RATING SENSITIVITIES
Fitch does not envision positive momentum on Kimco's ratings and/or Outlook; however, the following factors may have a positive impact:
--Fitch's expectation of FCC sustaining above 2.5x (coverage was 2.7x for 2014 pro forma for Kimstone);
--Fitch's expectation of net debt-to-recurring operating EBITDA sustaining below 5x (leverage was 6.3x at Dec. 31, 2014 pro forma).

The following factors may have a negative impact on Kimco's ratings and/or Outlook:
--Fitch's expectation of FCC sustaining below 2x;
--Fitch's expectation of leverage sustaining above 6.5x.
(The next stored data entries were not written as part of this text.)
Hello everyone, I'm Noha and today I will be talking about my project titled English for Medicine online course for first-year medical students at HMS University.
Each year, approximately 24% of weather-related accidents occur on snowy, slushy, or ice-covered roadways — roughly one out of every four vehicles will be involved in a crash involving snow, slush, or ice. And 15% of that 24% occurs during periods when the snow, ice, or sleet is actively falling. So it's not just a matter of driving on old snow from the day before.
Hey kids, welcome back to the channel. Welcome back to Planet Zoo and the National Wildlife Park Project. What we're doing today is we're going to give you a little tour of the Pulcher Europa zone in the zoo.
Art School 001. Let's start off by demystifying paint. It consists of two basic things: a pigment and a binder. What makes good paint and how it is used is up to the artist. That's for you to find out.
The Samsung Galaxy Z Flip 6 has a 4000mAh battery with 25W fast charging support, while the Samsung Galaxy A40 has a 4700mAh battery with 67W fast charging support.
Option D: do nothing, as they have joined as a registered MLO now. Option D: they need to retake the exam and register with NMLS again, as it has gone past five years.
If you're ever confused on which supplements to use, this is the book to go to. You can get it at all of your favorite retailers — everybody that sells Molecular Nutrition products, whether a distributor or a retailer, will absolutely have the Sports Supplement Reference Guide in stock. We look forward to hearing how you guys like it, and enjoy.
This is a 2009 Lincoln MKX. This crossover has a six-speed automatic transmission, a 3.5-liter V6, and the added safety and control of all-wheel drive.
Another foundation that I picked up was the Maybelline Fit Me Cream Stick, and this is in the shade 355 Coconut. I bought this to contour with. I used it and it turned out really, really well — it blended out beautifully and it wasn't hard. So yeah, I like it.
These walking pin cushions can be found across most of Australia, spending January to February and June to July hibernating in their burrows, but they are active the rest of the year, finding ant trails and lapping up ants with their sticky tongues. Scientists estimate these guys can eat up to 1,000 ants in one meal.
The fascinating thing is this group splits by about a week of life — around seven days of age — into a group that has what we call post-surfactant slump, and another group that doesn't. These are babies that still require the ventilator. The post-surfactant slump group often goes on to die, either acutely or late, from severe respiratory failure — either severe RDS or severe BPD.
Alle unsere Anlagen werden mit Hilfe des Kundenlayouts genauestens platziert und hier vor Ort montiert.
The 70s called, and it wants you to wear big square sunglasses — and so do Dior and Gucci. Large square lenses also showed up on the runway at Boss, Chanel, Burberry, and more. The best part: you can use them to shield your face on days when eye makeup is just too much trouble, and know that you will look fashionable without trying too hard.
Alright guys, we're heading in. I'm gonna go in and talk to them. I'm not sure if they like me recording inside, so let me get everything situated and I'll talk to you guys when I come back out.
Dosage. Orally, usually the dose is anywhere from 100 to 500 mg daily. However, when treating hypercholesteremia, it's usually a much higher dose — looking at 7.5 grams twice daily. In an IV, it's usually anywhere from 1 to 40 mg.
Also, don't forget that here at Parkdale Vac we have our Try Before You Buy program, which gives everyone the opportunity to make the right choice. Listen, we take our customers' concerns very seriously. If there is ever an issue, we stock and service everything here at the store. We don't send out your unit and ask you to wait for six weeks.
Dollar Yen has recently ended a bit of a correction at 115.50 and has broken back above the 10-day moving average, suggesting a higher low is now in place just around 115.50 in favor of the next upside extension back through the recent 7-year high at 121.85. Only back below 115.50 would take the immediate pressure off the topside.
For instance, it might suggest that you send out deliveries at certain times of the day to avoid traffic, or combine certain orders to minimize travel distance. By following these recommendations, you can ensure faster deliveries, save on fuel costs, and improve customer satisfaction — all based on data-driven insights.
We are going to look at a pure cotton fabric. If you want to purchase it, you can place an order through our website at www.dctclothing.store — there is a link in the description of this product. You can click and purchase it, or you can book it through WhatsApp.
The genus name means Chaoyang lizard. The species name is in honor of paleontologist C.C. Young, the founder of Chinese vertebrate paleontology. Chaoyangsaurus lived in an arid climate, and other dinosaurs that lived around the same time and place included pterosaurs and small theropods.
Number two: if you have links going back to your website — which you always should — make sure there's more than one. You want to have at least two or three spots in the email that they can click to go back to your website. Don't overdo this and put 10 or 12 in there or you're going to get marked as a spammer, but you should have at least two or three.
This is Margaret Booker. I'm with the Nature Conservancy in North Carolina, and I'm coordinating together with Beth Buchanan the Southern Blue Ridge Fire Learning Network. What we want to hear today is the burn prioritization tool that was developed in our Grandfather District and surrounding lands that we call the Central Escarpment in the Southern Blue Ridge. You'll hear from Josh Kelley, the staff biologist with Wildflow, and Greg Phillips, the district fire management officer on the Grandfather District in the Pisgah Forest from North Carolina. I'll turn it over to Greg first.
Fitch has affirmed the following ratings:

Kimco Realty Corporation:
--IDR at 'BBB+';
--Unsecured revolving credit facility at 'BBB+';
--Senior unsecured term loan at 'BBB+';
--Senior unsecured notes at 'BBB+';
--Preferred stock at 'BBB-'.

Kimco North Trust III:
--Senior unsecured guaranteed notes at 'BBB+'.

In addition, Fitch has withdrawn the ratings on the senior guaranteed term loan issued by KRC Lending S.A. de C.V. SOFOM ENR as the debt instrument was repaid.